Everyone in America today is aware of the terrible toll the COVID-19 virus is taking in the sickness and death of so many people. Added to this is the difficulty millions of people are facing by the disruption of their normal lives – the social distancing, the confinement of themselves and their families to their homes, the need to wear masks when they go out, the restrictions on basic services like simply getting a haircut, and so many other things.
But what isn’t discussed too much is the psychological effect it is having on our children. In a previous post, we discussed how children often take out their anxieties through play. Here, we would like to outline some steps parents can take to overcome the stress factors of the current crisis that could have harmful effects on a child’s well-being and development.
In an online posting for Child Trends, authors Jessica Dym Bartlett and Rebecca Vivrette discuss some ways these stress factors can be minimized. They point out that not only must families cope with all the changes to their normal lives, as noted above, but the effects of the virus that have also contributed to the “rates of poverty, unemployment, parental mental health problems and substance abuse. Child abuse and neglect, and intimate partner violence trend to rise during disasters. Children may not receive critical supports they need when community services are limited and fewer adults have direct contact with children.”

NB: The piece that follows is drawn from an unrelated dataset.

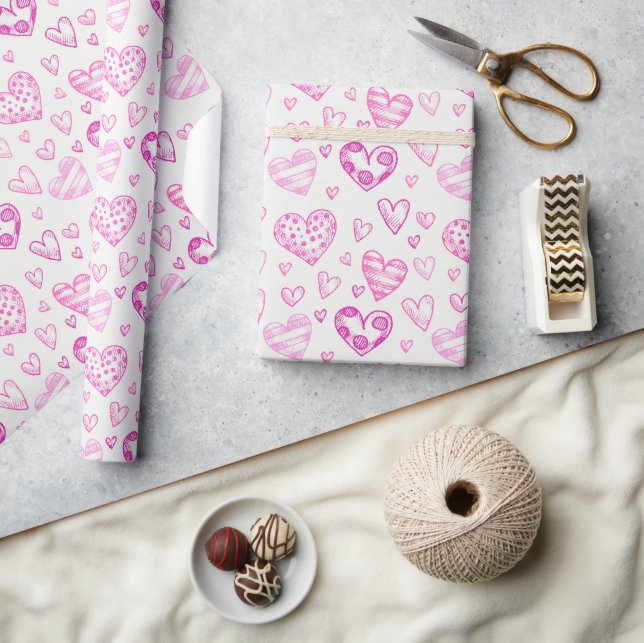 Papel de envolvimiento romántico de corazón rosado (Artesanía)
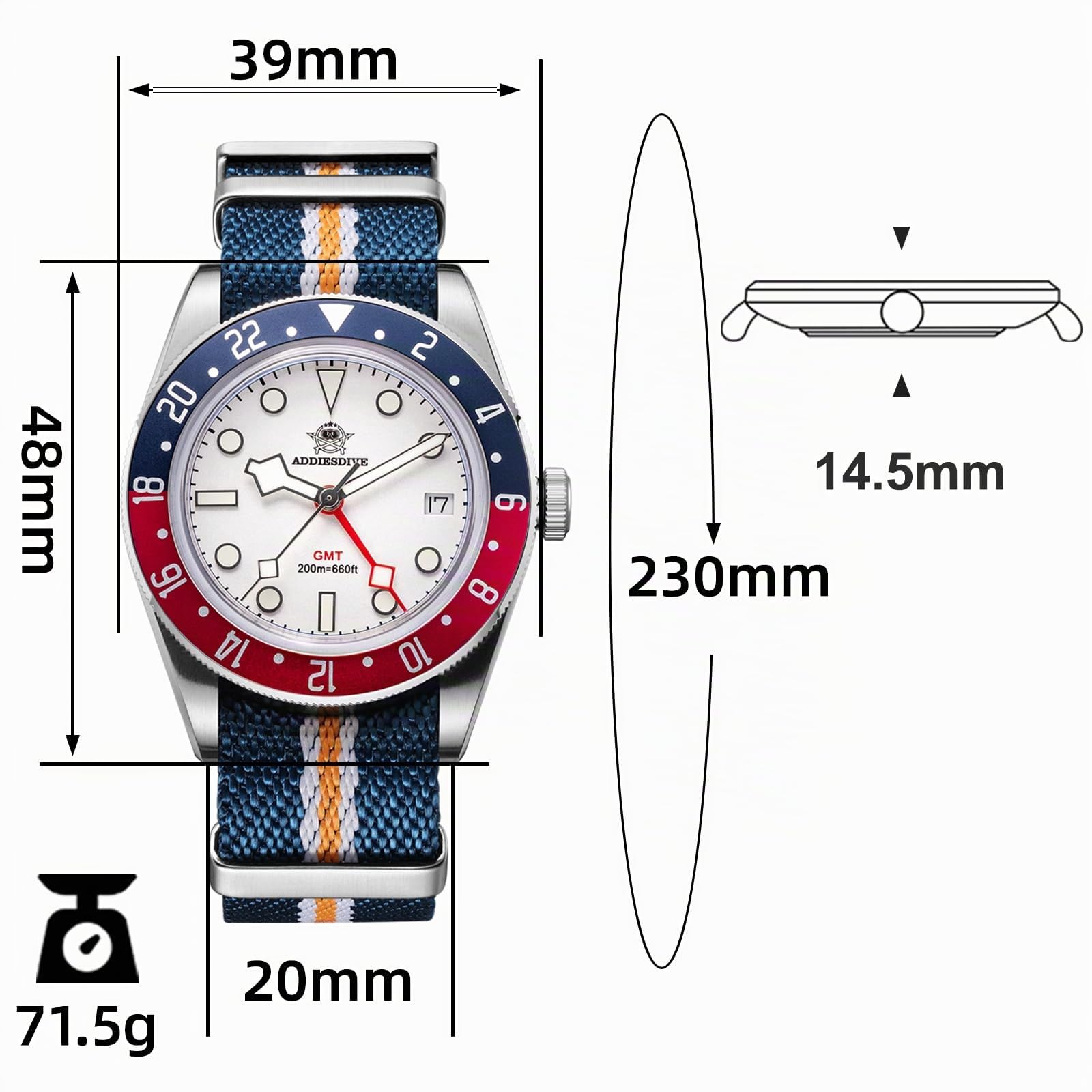 ADDIESDIVE GMT 24H - Reloj de pulsera analógico para hombre (cuarzo, acero inoxidable, 200 m, luminoso)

However, they say, there are protective factors that can minimize the harm and increase the chances of children adapting positively to adversities like the COVID-19 crisis. Among the things they suggest are:
1) Sensitive, Responsive Caregiving. A sensitive, caring adult is a primary factor in a child’s response to an adverse or traumatic event. Also important is contact with other children and adults who have been important connections to them whether by online video, telephone, letters, texts or email. Parents should also spend quality time with them – playing, reading, talking or taking outdoor walks.2)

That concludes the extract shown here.